Debated Context and Subject Exploration

The book's issuance has been marred by the inclusion of Earth, the second novella, on the candidate list for a notable LGBTQ+ writing prize. In August, most other candidates dropped out in objection at the author's gender-critical views – and this year's prize has now been called off.

Conversation of trans rights is missing from The Elements, although the author touches on plenty of major issues. Anti-gay prejudice, the impact of conventional and digital platforms, caregiver abandonment and abuse are all investigated.

Four Accounts of Trauma

  • In Water, a sorrowful woman named Willow relocates to a remote Irish island after her husband is jailed for horrific crimes.
  • In Earth, Evan is a soccer player on court case as an accomplice to rape.
  • In Fire, the adult Freya balances retaliation with her work as a doctor.
  • In Air, a parent travels to a burial with his teenage son, and considers how much to disclose about his family's history.
Trauma is piled on trauma as hurt survivors seem fated to bump into each other repeatedly for eternity

Related Accounts

Relationships proliferate. We initially encounter Evan as a boy trying to leave the island of Water. His trial's group contains the Freya who returns in Fire. Aaron, the father from Air, partners with Freya and has a child with Willow's daughter. Supporting characters from one account reappear in cottages, pubs or courtrooms in another.
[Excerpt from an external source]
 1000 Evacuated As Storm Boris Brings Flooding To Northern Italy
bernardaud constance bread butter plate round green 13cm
These storylines may sound complex, but the author understands how to power a narrative – his prior acclaimed Holocaust drama has sold many copies, and he has been rendered into numerous languages. His direct prose bristles with gripping hooks: "ultimately, a doctor in the burns unit should understand more than to toy with fire"; "the primary step I do when I come to the island is modify my name".
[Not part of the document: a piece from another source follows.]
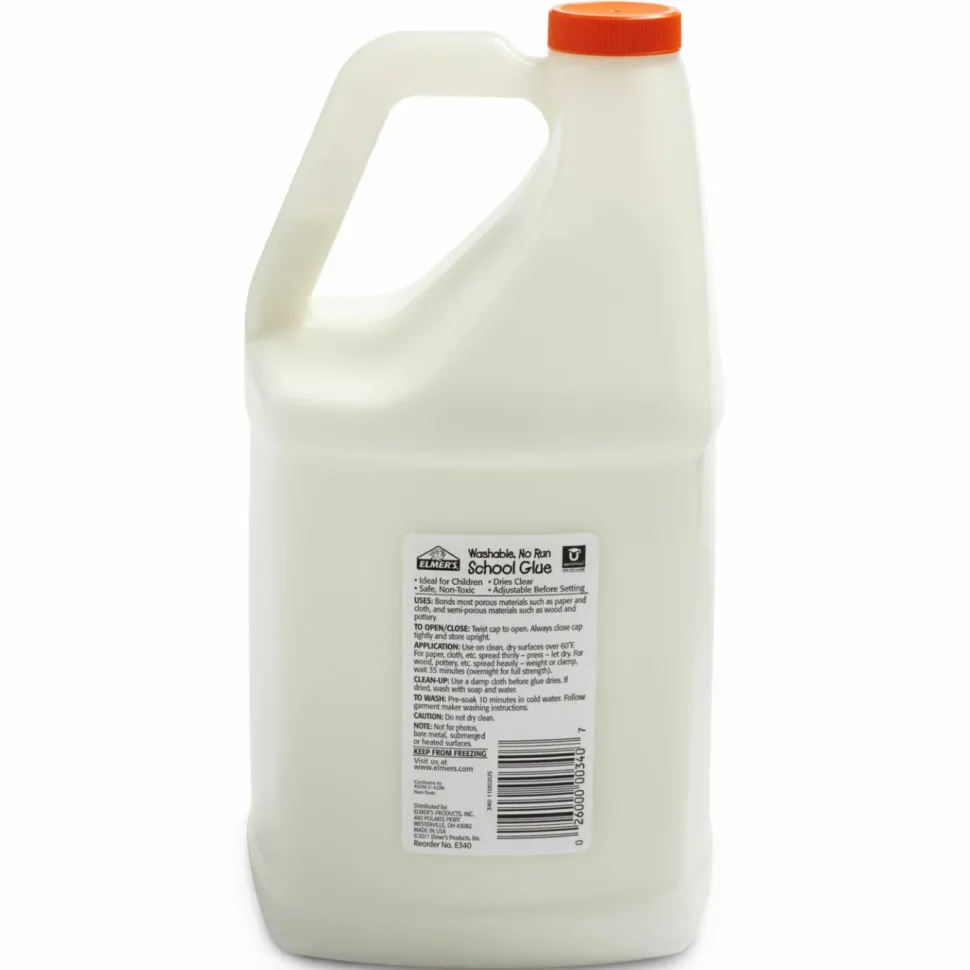 Elmer's Washable School Glue, 1 Gallon, White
Personality Development and Storytelling Strength

Characters are portrayed in brief, powerful lines: the compassionate Nigerian priest, the troubled pub landlord, the daughter at struggle with her mother. Some scenes resonate with melancholy power or insightful humour: a boy is punched by his father after wetting himself at a football match; a prejudiced island mother and her Dublin-raised neighbour swap barbs over cups of weak tea.

The author's talent of carrying you wholeheartedly into each narrative gives the comeback of a character or plot strand from an previous story a authentic thrill, for the first few times at least. Yet the collective effect of it all is numbing, and at times practically comic: trauma is accumulated upon suffering, accident on chance in a bleak farce in which wounded survivors seem destined to encounter each other continuously for forever.

Thematic Complexity and Concluding Assessment

If this sounds different from life and resembling purgatory, that is element of the author's point. These hurt people are weighed down by the crimes they have experienced, caught in cycles of thought and behavior that churn and spiral and may in turn damage others. The author has talked about the impact of his individual experiences of mistreatment and he depicts with compassion the way his characters negotiate this risky landscape, striving for remedies – seclusion, icy sea dips, reconciliation or refreshing honesty – that might bring illumination.

The book's "elemental" structure isn't terribly instructive, while the rapid pace means the examination of sexual politics or online networks is primarily surface-level. But while The Elements is a imperfect work, it's also a entirely readable, trauma-oriented chronicle: a valued response to the usual fixation on authorities and criminals. The author shows how suffering can permeate lives and generations, and how duration and tenderness can silence its aftereffects.

Briana Garcia
Briana Garcia

An experienced optometrist passionate about educating on eye wellness and innovative vision technologies.